Authored by James Howard Kunstler,
Systemic Considerations
“Every western society is confronted by an internal cultural conflict between those who wish to distance society from its civilizational legacy and those who wish to renew it.”
– Frank Furedi on Substack
Contraction is the reality-based order-of-the-day, and everything else is downstream of that. The world has to get by with less. Nothing is going to fix this for everybody, though any number of schemes for redistributing what’s left will preoccupy the political mojo.
Right now, it’s tariffs, which are an attempt to restore industry ceded to the formerly left-behind people elsewhere in the world — taking back what we used to do. You are correct to wonder if this is even possible. The wish is surely understandable, if a bit fuzzy and over-simplified: to be again a nation of people occupied purposefully in the service of a bright future. Redemption stories are deeply appealing.

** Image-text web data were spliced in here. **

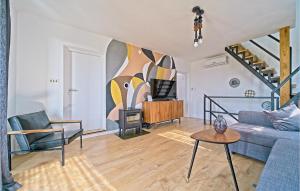 Amazing Home In Ivancici With Wifi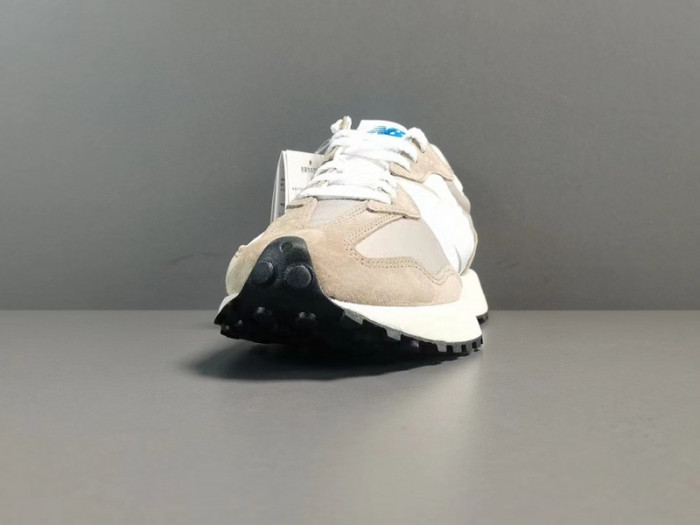 New Balance 327 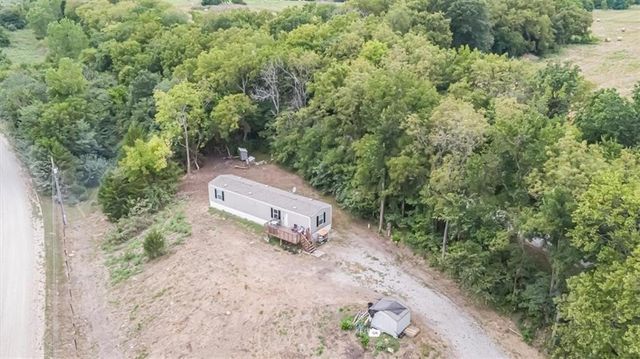 581 1200th Road, Leeton, MO 64761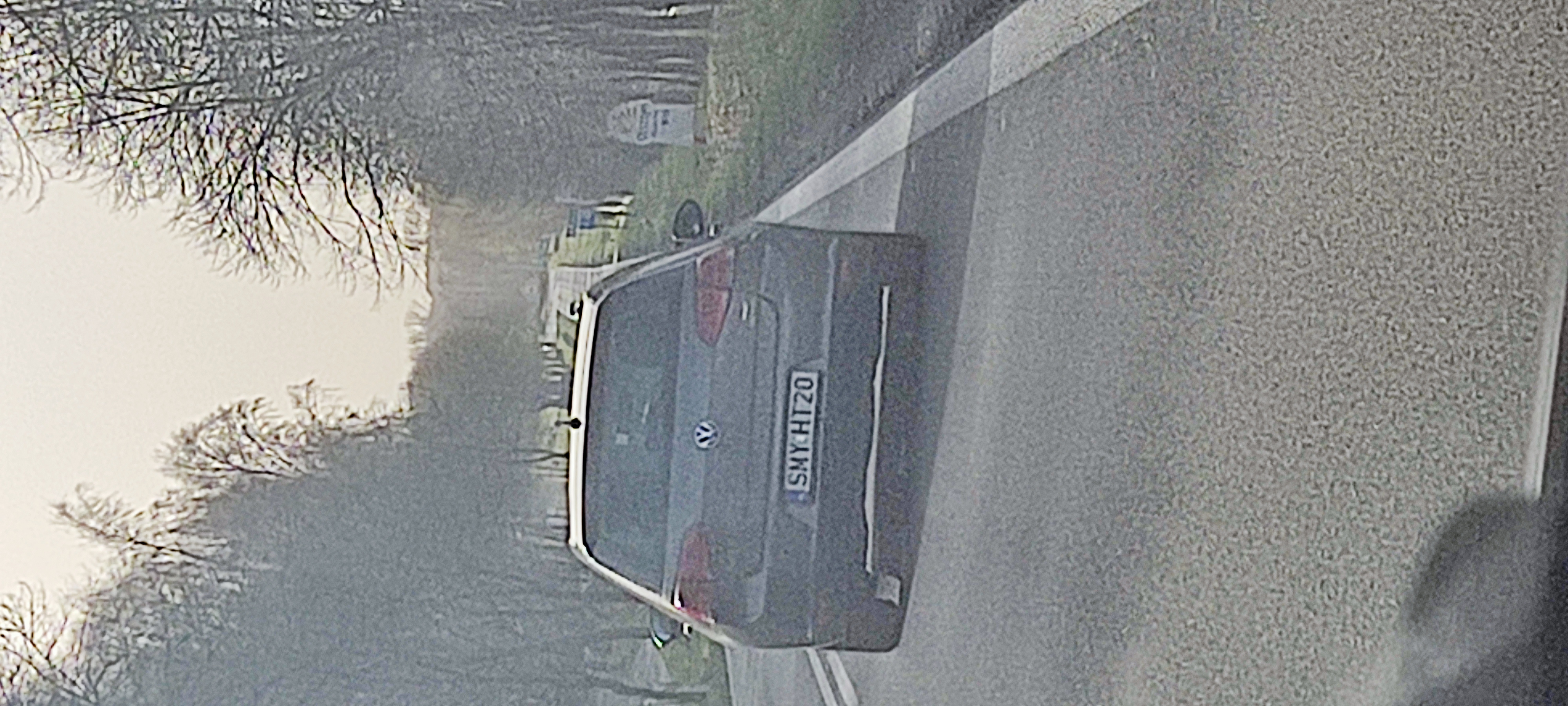 Pirat drogowy w pojeździe o numerach rejestracyjnych SMYHT20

Many of us are aware that the hour for this is late. We’ve already lived through our decades of pumping cheap oil out of American ground, extracting the ores, fashioning the metal into I-beams and rails, raising the skyscrapers, laying the asphalt ribbons of highway, and strewing the landscape with split-level houses and strip-malls. Let’s not try a re-run of that.
What have we got to work with?
An overly-complex matrix of systems and subsidiary systems operating on the verge of failure at excessive scale. For example, our cities and their asteroid belts of suburbs. The rot is already well-advanced in many of them from their centers outward, and we can see the process underway of strip-mining the remaining assets on-the-ground. Detroit, Cleveland, Baltimore. . . all occupy important geographically strategic sites. All are populated by dwindling societies of the cope-less, floundering their way out of existence. The geographies will abide without them. Others will come along and make something of these places’ virtues.
Agri-business is a method for strip-mining the value from what remains of our fruited plains. Everything about it is on an arc of failure, mortgaged to a futureless giantism. It seemed like a good idea at the time, and now that time has passed. The remaining soil itself can probably be rescued with heroic ant-like peasant labor over generations, which is to say a long and rather desperate project with no quick resolution. Even if Robert F. Kennedy, Jr., hadn’t come along to read America the riot act on food, anyone can see that the age of Froot Loops is drawing to a close.
Town and country, what human society at its best was composed of, has got to be rearranged. This is something that MAGA is not talking about. MAGA looks like it is seeking a reenactment of the years 1950 to 1964. That isn’t going to happen. What then? The tech broz propose something that looks like an A-I printed robotic future. They are drunk on their own Stanford University brand Kool-Aid, hallucinating a future that is little more than math dressed in spandex.
It is nearly impossible to grok the size of their vast fortunes, their billions. Thousands upon thousands of millions. From what? From marshaling squadrons of lawyers to draw up ownership documents for this and that venture enabling idiots with nose-rings to lecture each other about sexual etiquette on cell-phone screens? Warning: don’t become infatuated with singularities, journeys beyond biology and the ecology of planet earth. That’s a story for saps, cargo-cultists, the mentally ill.
Speaking of all that money, one thing you can surely depend on is a violent unwinding of global finance. The vast bottom of humanity already has plenty of nothing, and their abundance will abide. The hedge fund broz and related broz in the shared hallucinations of capital can make some provision for wealth preservation if they have half-a-brain. It’s the great wad in the middle that has the worst problem: they get wiped out and then they discover they have no Plan B. That’s when the fun really kicks off in America (and other sovereign lands, of course.)
Things are breaking ‘out there.’ The financial world’s feedstock is promises. In a trusting world, promises are a splendid technology. Promises allow you to borrow hamburgers from next Tuesday to have a hamburger today. . . .and all else that follows from that. In a not-so-trusting world, promises go up in a vapor with the morning dew.
The folks in charge will attempt to manage the manifest contraction that is upon us by doing everything possible to pretend that it isn’t happening and to deflect from any signals that happen to get through the muzak they broadcast about blue skies and staying on the sunny side. If you are serious — even serious about the comedy sure to arise out of this — you will be prepared for all kinds of trouble: shortages, hunger, civil strife, cold, darkness, the absence of TikTok.
Your number-one job is to stay sane.
Now, go forth and revel in today’s fine spring weather, mindful of the many more fine days to come as history spools out.